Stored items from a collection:
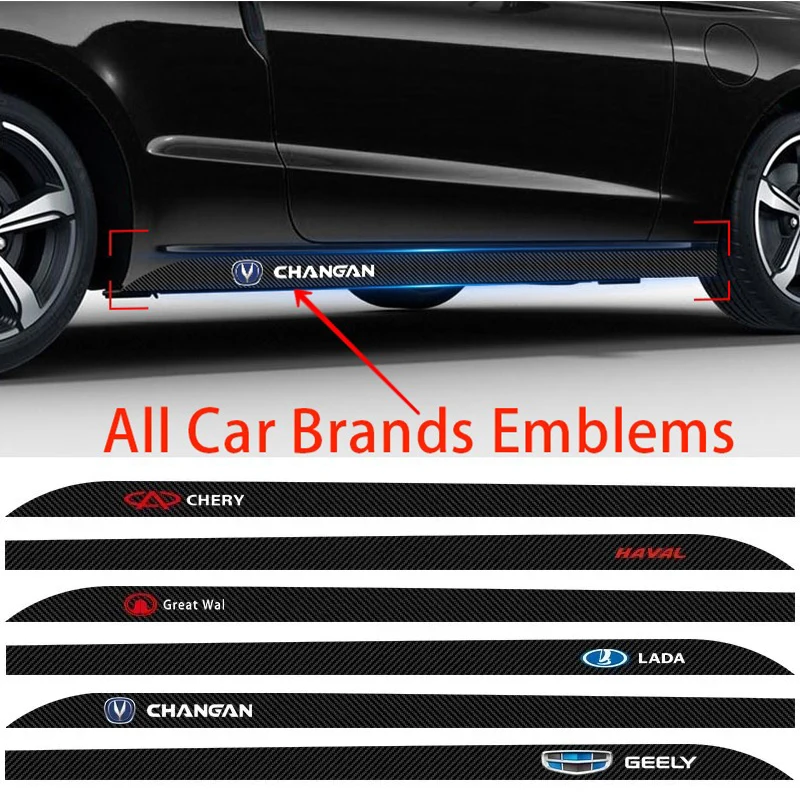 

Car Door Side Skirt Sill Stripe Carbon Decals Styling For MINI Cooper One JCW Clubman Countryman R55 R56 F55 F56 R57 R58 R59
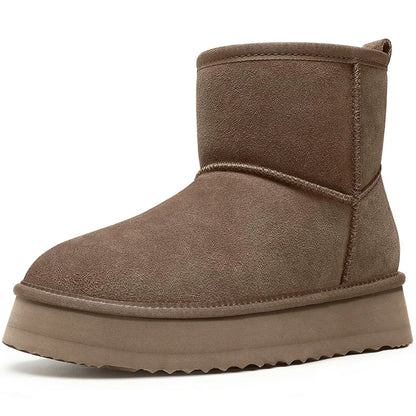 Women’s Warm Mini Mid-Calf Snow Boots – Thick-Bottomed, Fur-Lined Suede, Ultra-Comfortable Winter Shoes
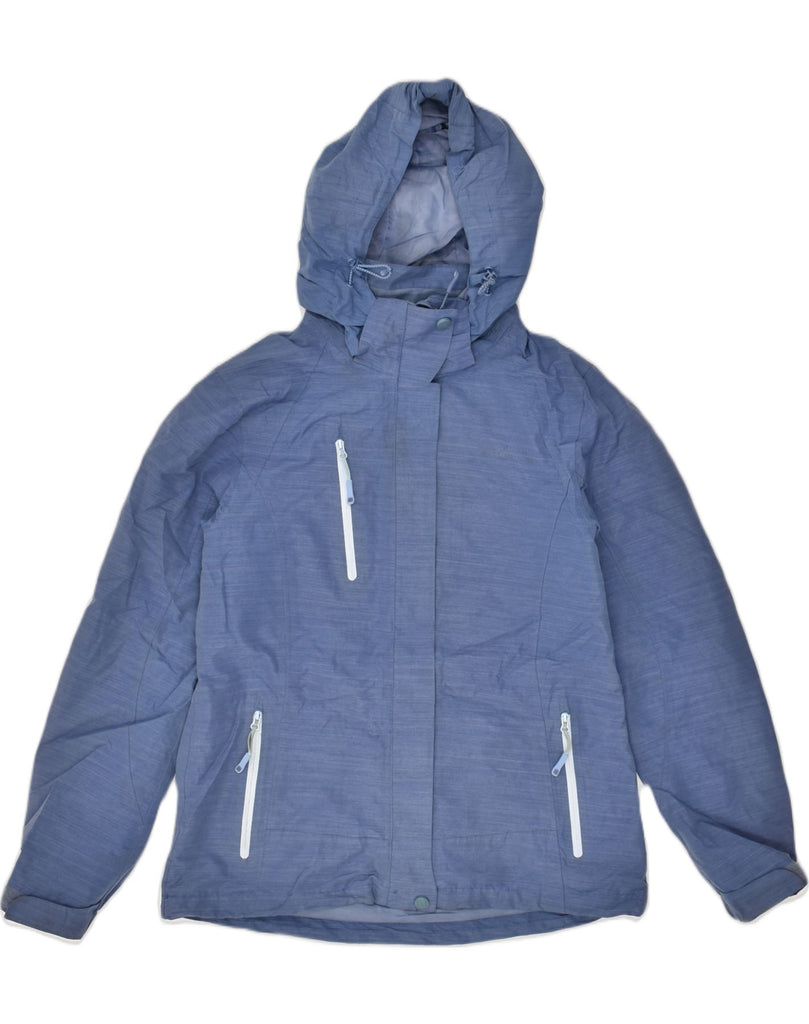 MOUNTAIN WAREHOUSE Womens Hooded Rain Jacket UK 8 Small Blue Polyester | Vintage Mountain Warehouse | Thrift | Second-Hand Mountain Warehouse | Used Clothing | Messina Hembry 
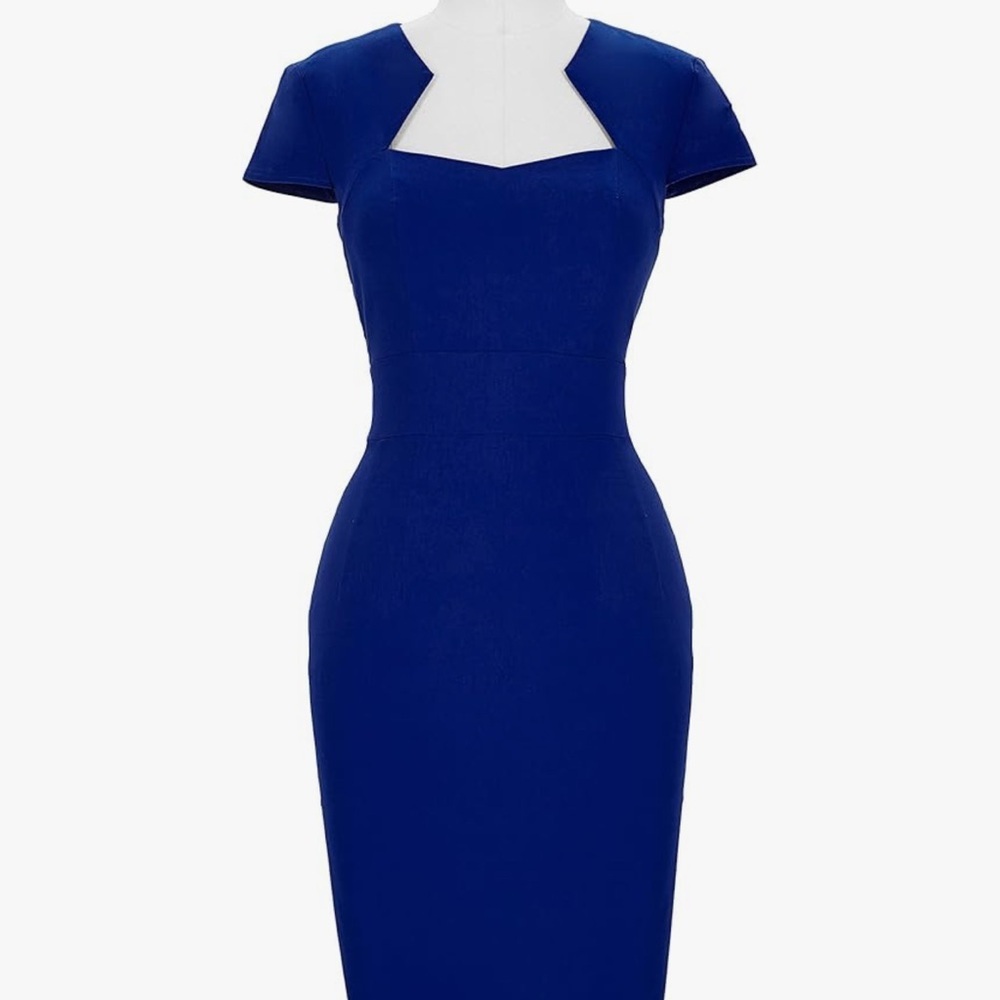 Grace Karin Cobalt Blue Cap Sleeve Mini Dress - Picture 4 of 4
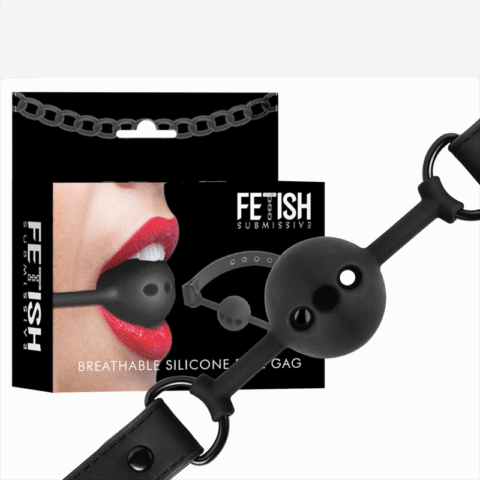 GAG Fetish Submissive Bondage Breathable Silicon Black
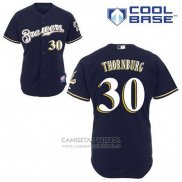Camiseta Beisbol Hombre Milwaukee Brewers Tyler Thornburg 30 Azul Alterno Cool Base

About this task: Could you repeat, exactly and with nothing added, the lines from the top of the entries above through the line that holds "Women’s Warm Mini", leaving out any pictures?

Answer section:
Car Door Side Skirt Sill Stripe Carbon Decals Styling For MINI Cooper One JCW Clubman Countryman R55 R56 F55 F56 R57 R58 R59
 Women’s Warm Mini Mid-Calf Snow Boots – Thick-Bottomed, Fur-Lined Suede, Ultra-Comfortable Winter Shoes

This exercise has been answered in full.